Nyimas menyebutkan hasil Survey Pengalaman Hidup Perempuan Nasional (SPHPN) 2016 mencatat perempuan usia 50 – 64 tahun banyak mengalami kekerasan ekonomi (17,26%), kekerasan fisik oleh pasangan (11,18%), kekerasan fisik oleh orang lain (4,95%) dan kekerasan seksual mencapai 24,43%. Nyimas juga menambahkan lansia perempuan mengalami kekerasan berlapis anatara lain dipicu oleh menurunnya penghormatan pada orangtua dari keluarganya.
Menteri Yohana berharap agar di Nabire mulai diinisiasi terbangun Rumah Lansia atau rumah perlindungan sebagai tempat singgah para lansia untuk dapat saling berbagi cerita, berolahraga, bermain, pengetahuan kesehatan, bantuan ekonomi hingga tempat pengaduan lansia korban kekerasan. Rumah Lansia merupakan bentuk pengembangan dari model perlindungan lansia responsive gender yang tertuang dalam Permen PPPA No.24 tahun 2010. Model pertama dibentuk di Kabupaten Binjai, Sumatera Utara dan Kabupaten Tulungagung, Jawa Timur. Selanjutnya model ini berkembang di Kota Pariaman, Sumatera Barat, Kabupaten Kepahyang, Bengkulu dan Kabupaten Musi Rawas, Sumatera Selatan.

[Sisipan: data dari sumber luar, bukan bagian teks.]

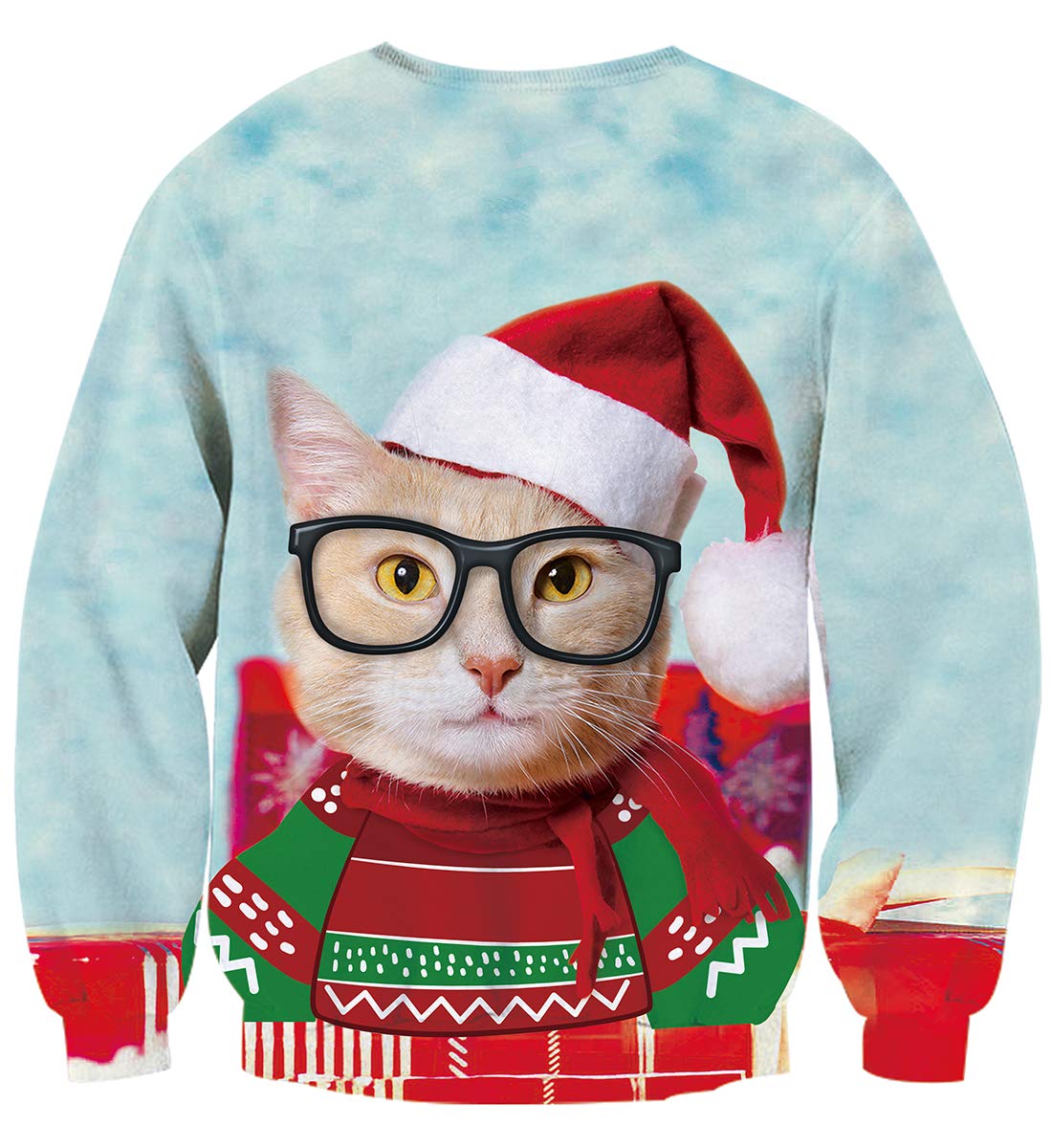 Idgreatim Teens Boys Girls Funny Christmas Cats Graphic Pullover Ugly Christmas Sweatshirt Sweater S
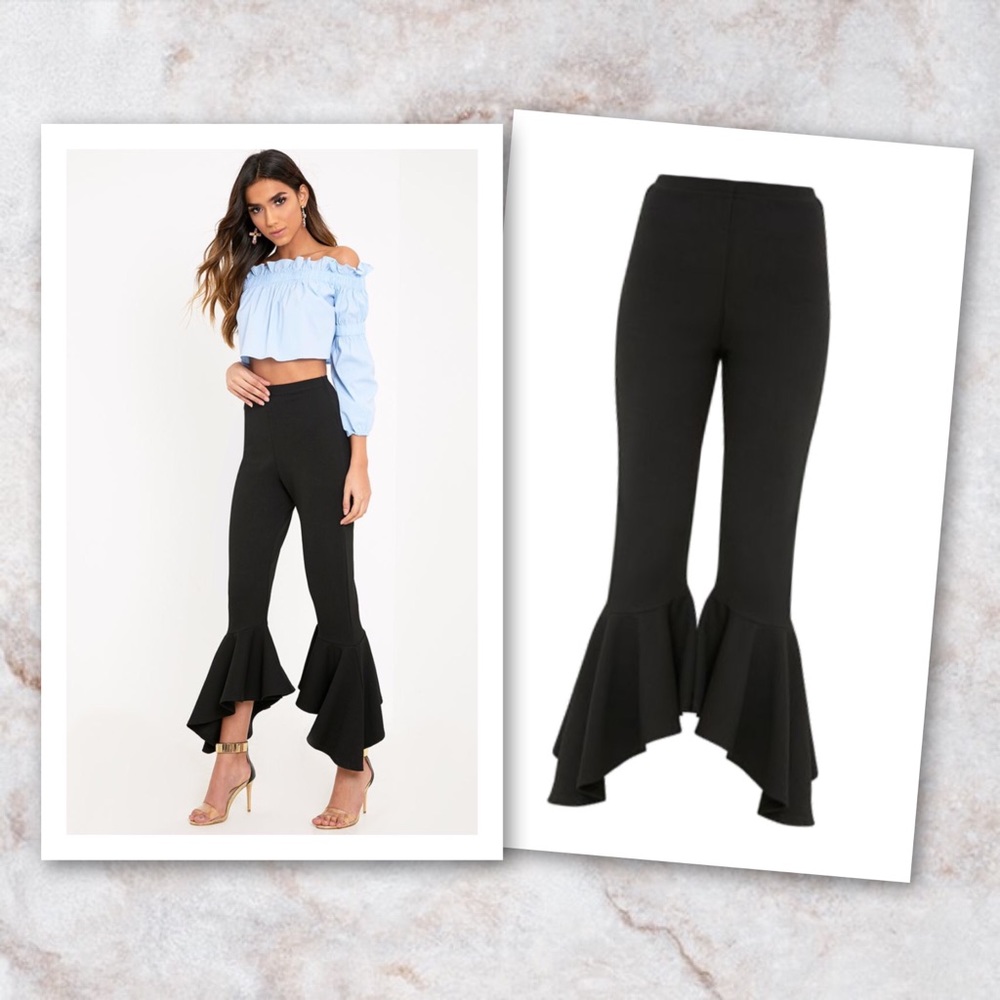 PLT | Lourdes Black Asymmetric Flare Hem Pants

Lebih lanjut Menteri Yohana juga berharap agar pemerintah daerah Nabire juga memiliki program yang fokus memberdayakan dan meningkatkan kesejahteraan lansia. Ada banyak kebutuhan yang diperlukan lansia perempuan diantaranya adalah jaminan kesehatan, jaminan kesejahteraan social dan jaminan perlindungan hukum. Keluarga menjadi komponen penting utama yang harus dilibatkan untuk menjaga dan merawat lansia.